If so, to quote the police chief in Jaws when he sees the famous shark, "You're gonna need a bigger boat" — in this case, to hold all the data you'll need. More importantly, you're going to need a smarter boat, one that can help you find the meaning in the giant lakes of data created by everything from social media to the evolving Internet of Things. In other words, you need a fish-finder for identifying the business insights among the volumes of data continuously generated by people, products, processes and organizations, which we call a Code Halo™.
Consider what we call the "Trillion-Dollar Club," which consists of companies that together generated more than $1 trillion in market value over the last decade: Apple, Amazon, Google, Facebook, Netflix and Pandora. These businesses upended entire industries by analyzing and acting on the Code Halos generated "only" by the 10 billion devices connected to the Internet and mostly used by people.1
Coming soon, to an industry near you, are the billions of devices in the Internet of Things. When everything from smart fitness wristbands to smart cars to jet engines and shipping pallets are constantly and automatically generating information about their operation and their users' activities, the term "big data" will seem hopelessly quaint. As the number of connected devices grows ten-fold to 100 billion, data volume is expected to double every two years to 44 zettabytes or 44 trillion gigabytes, by 2020.2
This data growth is not only inevitable, but it is also essential to creating and improving your all-important algorithms to create better, more personalized experiences for customers. It is this data that you will need to store, manage and extract meaning from, if you are to avoid an "extinction event." This data might fuel a mobile app that guides customers to parking spaces near your store rather than a competitor's, based on historical turnover at Internet-enabled parking meters. Or it might underpin a corporate app that orders inventory for neighborhood drugstores based on usage reports from local smart insulin monitors, combined with area Web searches for cold remedies.

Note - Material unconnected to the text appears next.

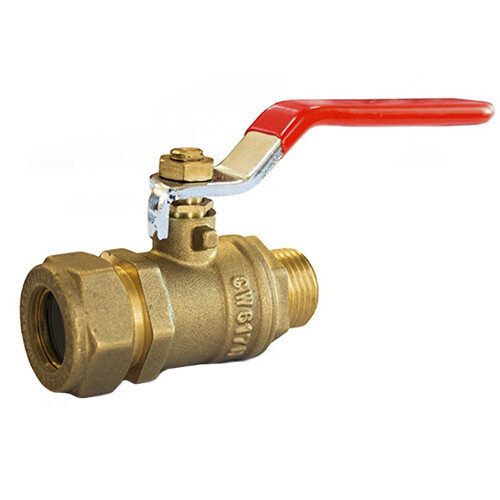 Шаровой кран Stahlmann латунный (M)15х1/2 NP EF Ду 15 Ру 15 резьба - 1/2'', покрытие - никель, полнопроходной резьбовой ВР-НР, ручка-рычаг красная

Your mission (whether or not you accept it) is to not only manage the sheer bulk of data, but to also draw meaning from the bits and bytes. This requires going way beyond traditional data repositories to what we call the data lake. You won't be able to afford the time, effort and cost of loading all this data into a big data repository, nor could you easily find and use the data you need in it.

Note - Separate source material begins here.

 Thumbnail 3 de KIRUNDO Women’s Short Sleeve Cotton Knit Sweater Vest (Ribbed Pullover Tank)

Semantic technology lets you build on and extend your data warehousing and big data investments to drive much more powerful insights from a much broader data set more quickly.
Jump in the Lake
Think of a data warehouse as a dusty, expensive building filled with papers in static file folders, all organized in a rigid classification system that was obsolete as soon as it was created. That's your classic data model and it won't let you fully exploit the Code Halos that you need to succeed.

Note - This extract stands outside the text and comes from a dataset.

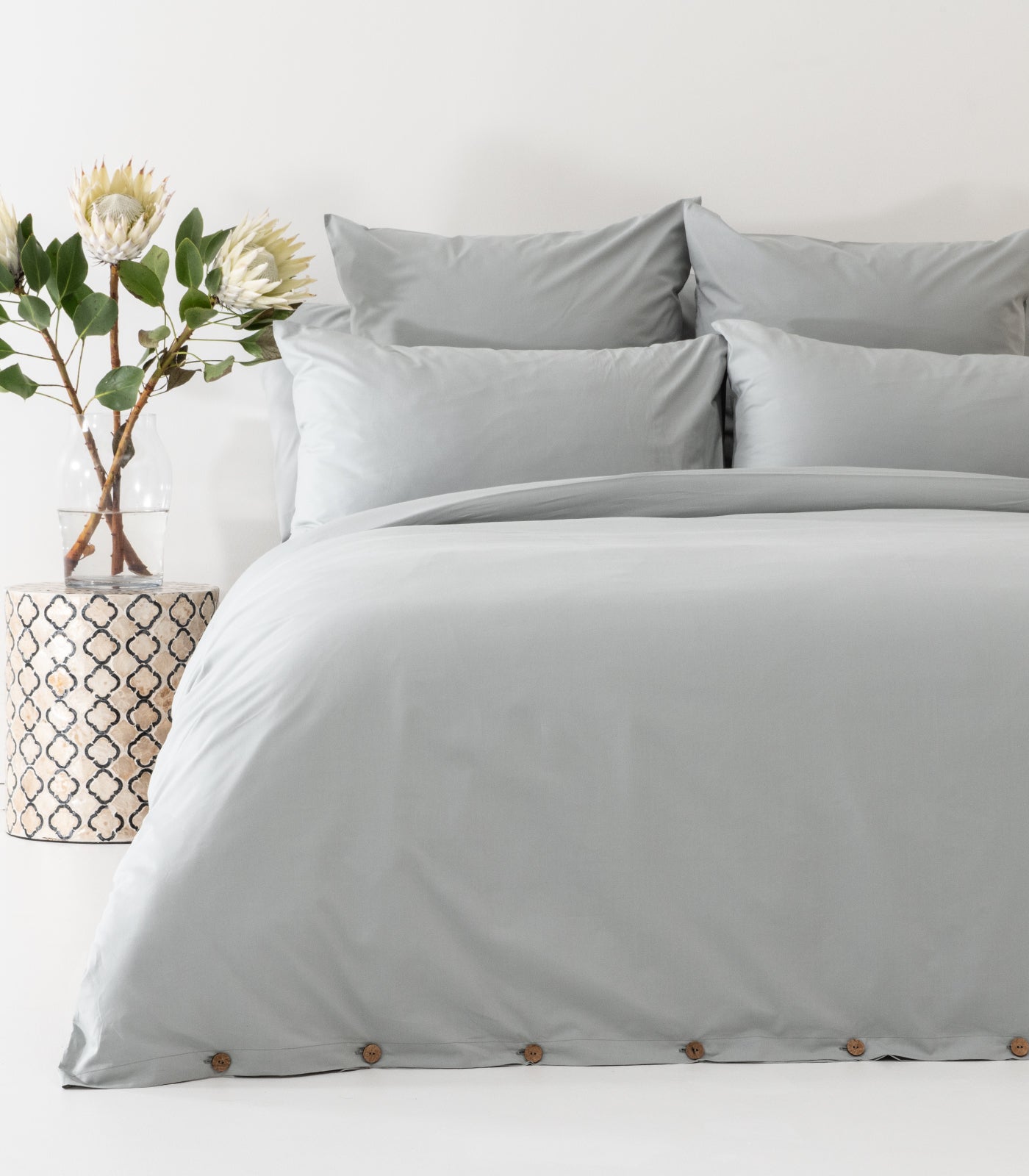 Percale Quilt Set - Sky Blue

Think instead of all the data from all your sources, internal and external, old and new, flowing into a massive "data lake." As the lake gets bigger and bigger, with more and different types of data, how do you identify and gather the data you need without going broke or getting lapped by your competitors?
The data has to tell you itself. What you need is the data equivalent of a fish-finder that can peer into the murky darkness of the data lake and tell you which ghostly image is an old sunken tree and which is a school of prized game fish.